* [Directions for this task]
Reproduce the entries in full. Exclude all images from the copy.

* [Records for this task]
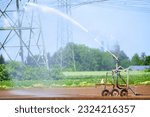 Small photo of Irrigation equipment, irrigation truck on the freshly sown field. Agricultural field irrigation, Irrigation system for irrigating crops, waters the freshly sown field.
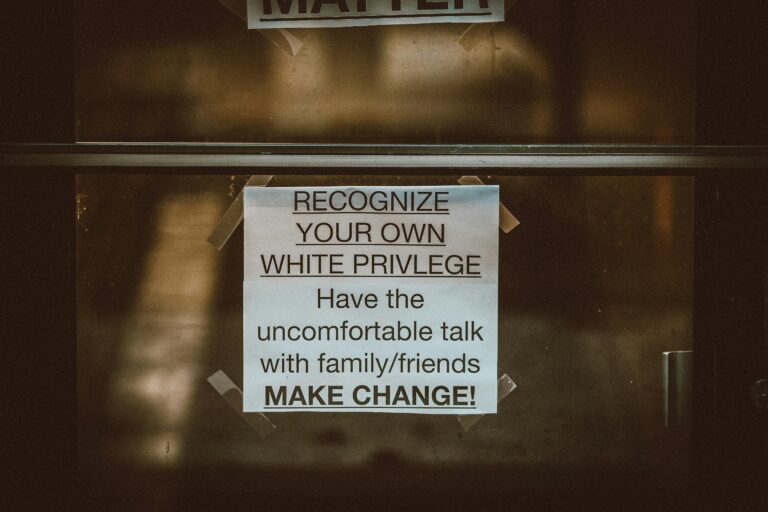 a sign that reads "recognize your own white privilege have the uncomfortable talk with family/friends make change!"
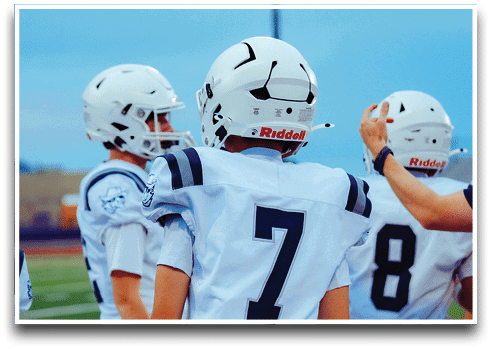 Three football players are standing on the field, one of them is smiling and wearing a black jersey with the number 55. AI generated content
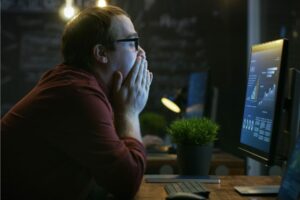 Stressed worker at computer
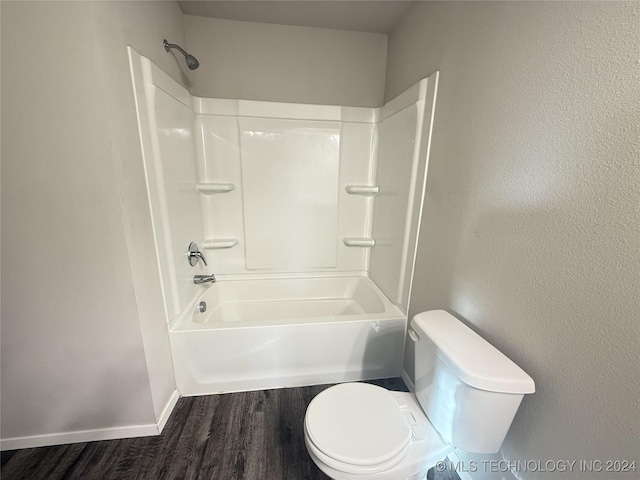 bathroom with hardwood / wood-style floors, toilet, and shower / washtub combination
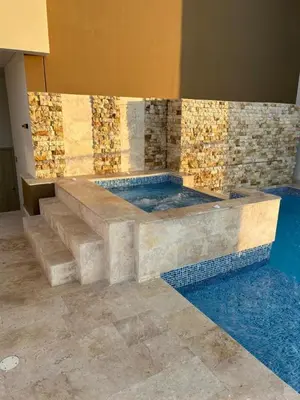 a jacuzzi tub in a room with a tile wall at Apartamento Magno Loft Bocagrande in Cartagena de Indias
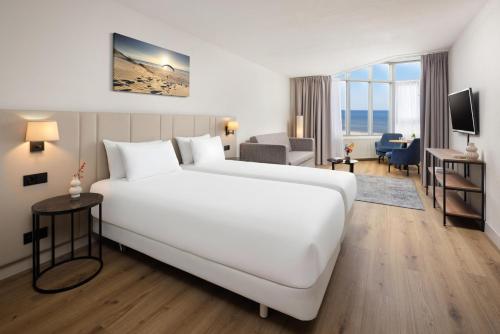 a large white bed in a hotel room at NH Zandvoort Hotel in Zandvoort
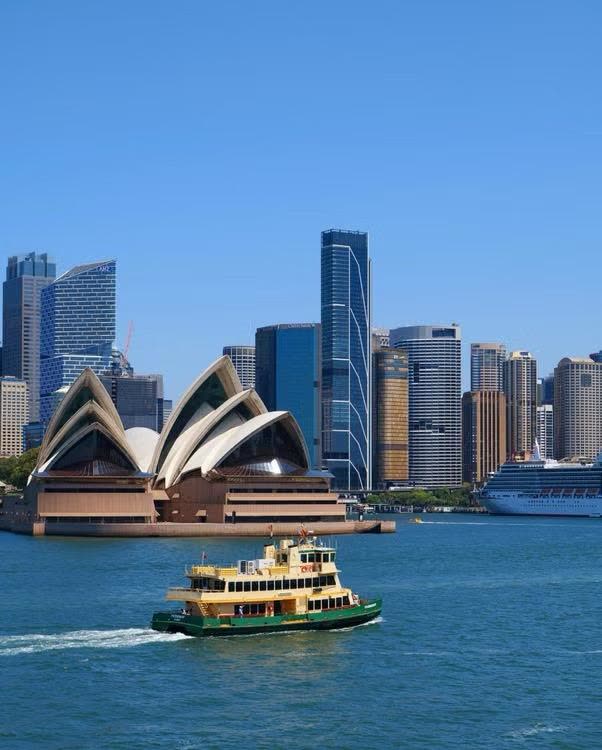 Opera House de Sydney e a baía com barco, na Austrália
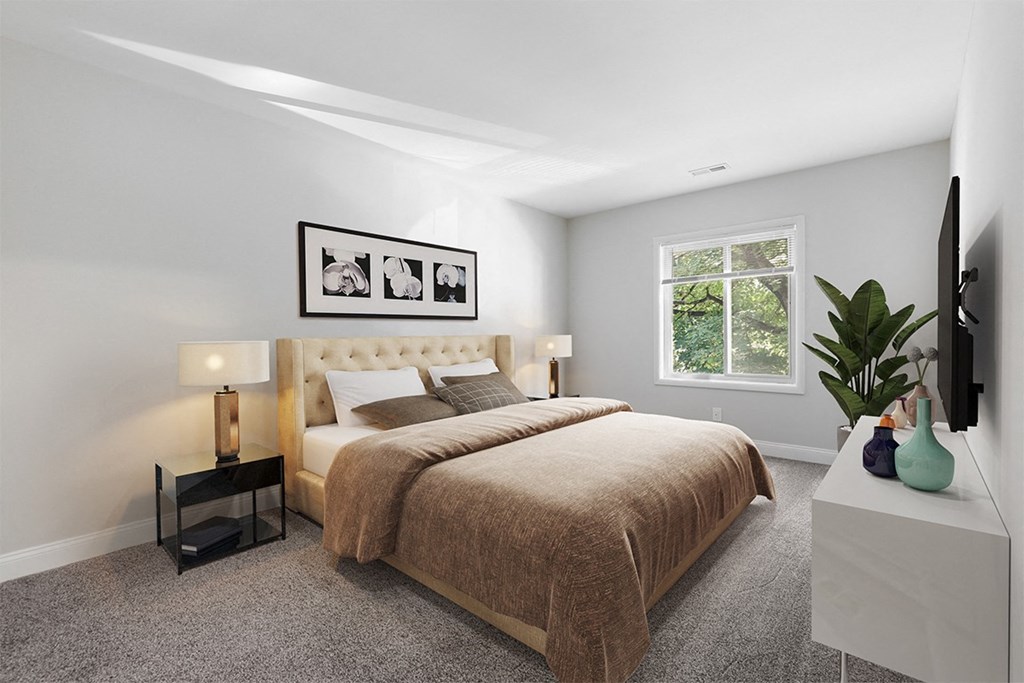 a bedroom with grey walls and a large bed  with a brown blanket at Padonia Village Apartments, Timonium MD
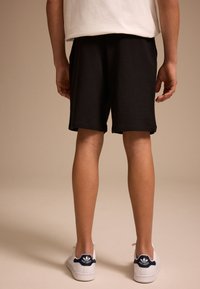 Black cotton shorts with an elastic waistband, featuring a straight cut. White sneakers with blue accents and logo detail on the heel.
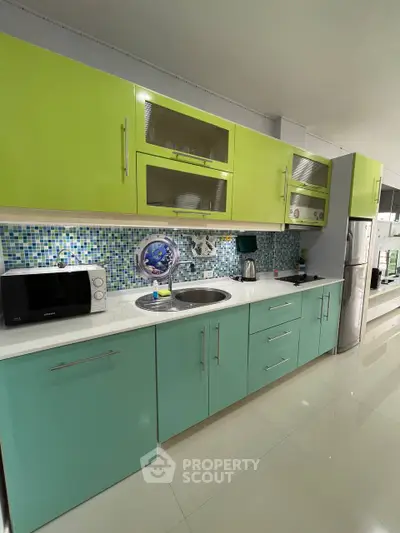 Modern kitchen with vibrant cabinetry and sleek appliances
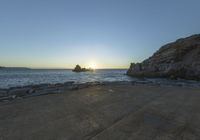 a person sitting on a bench in front of the water at sunset near some rocks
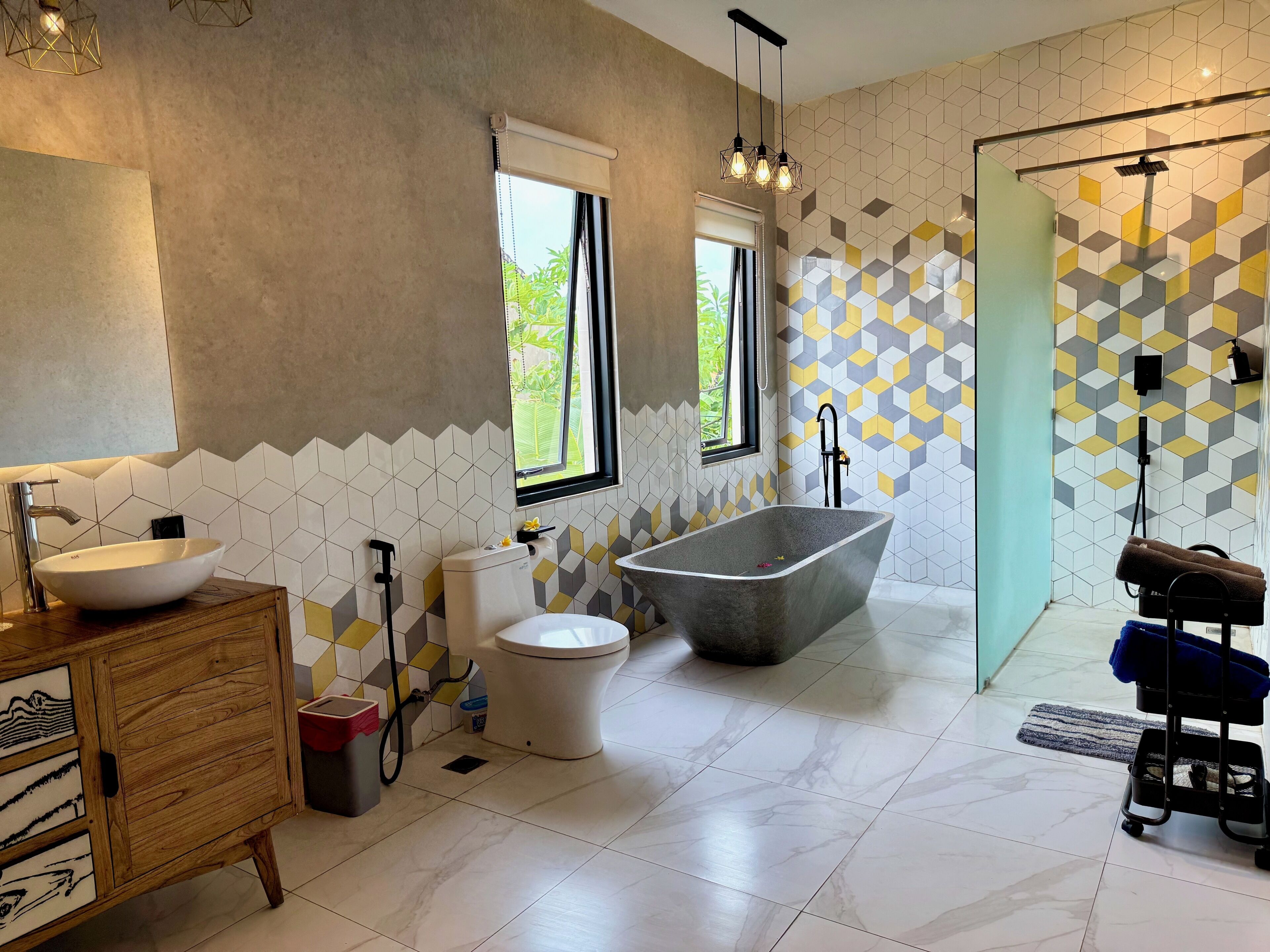A modern bathroom with a freestanding bathtub, a vessel sink, and a toilet.
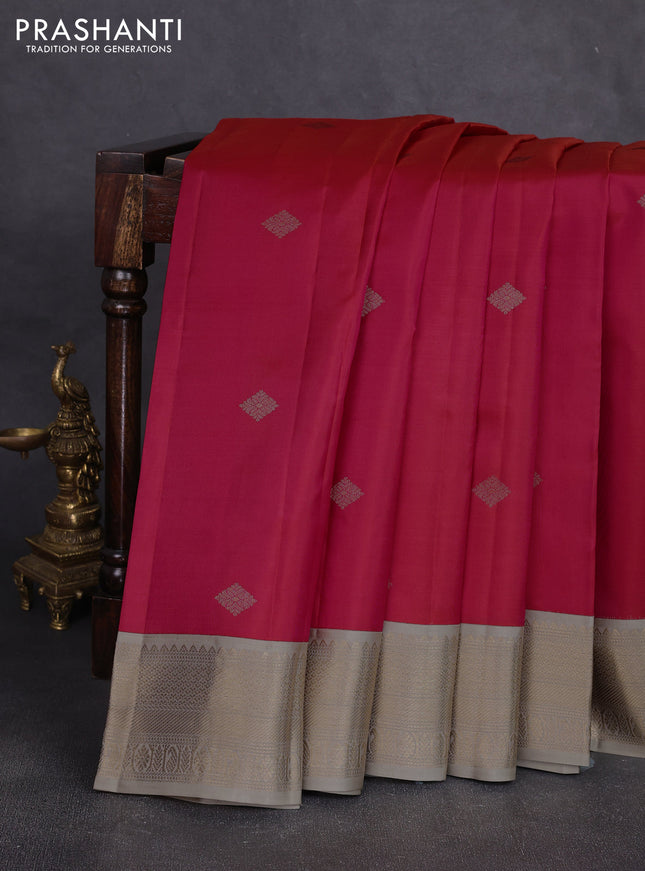 Pure kanchipuram silk saree dual shade of pinkish orange and beige with zari woven buttas and zari woven korvai border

* [Answer area]
 Small photo of Irrigation equipment, irrigation truck on the freshly sown field. Agricultural field irrigation, Irrigation system for irrigating crops, waters the freshly sown field.
 a sign that reads "recognize your own white privilege have the uncomfortable talk with family/friends make change!"
 Three football players are standing on the field, one of them is smiling and wearing a black jersey with the number 55. AI generated content
 Stressed worker at computer
 bathroom with hardwood / wood-style floors, toilet, and shower / washtub combination
 a jacuzzi tub in a room with a tile wall at Apartamento Magno Loft Bocagrande in Cartagena de Indias
 a large white bed in a hotel room at NH Zandvoort Hotel in Zandvoort
 Opera House de Sydney e a baía com barco, na Austrália
 a bedroom with grey walls and a large bed  with a brown blanket at Padonia Village Apartments, Timonium MD
 Black cotton shorts with an elastic waistband, featuring a straight cut. White sneakers with blue accents and logo detail on the heel.
 Modern kitchen with vibrant cabinetry and sleek appliances
 a person sitting on a bench in front of the water at sunset near some rocks
A modern bathroom with a freestanding bathtub, a vessel sink, and a toilet.
 Pure kanchipuram silk saree dual shade of pinkish orange and beige with zari woven buttas and zari woven korvai border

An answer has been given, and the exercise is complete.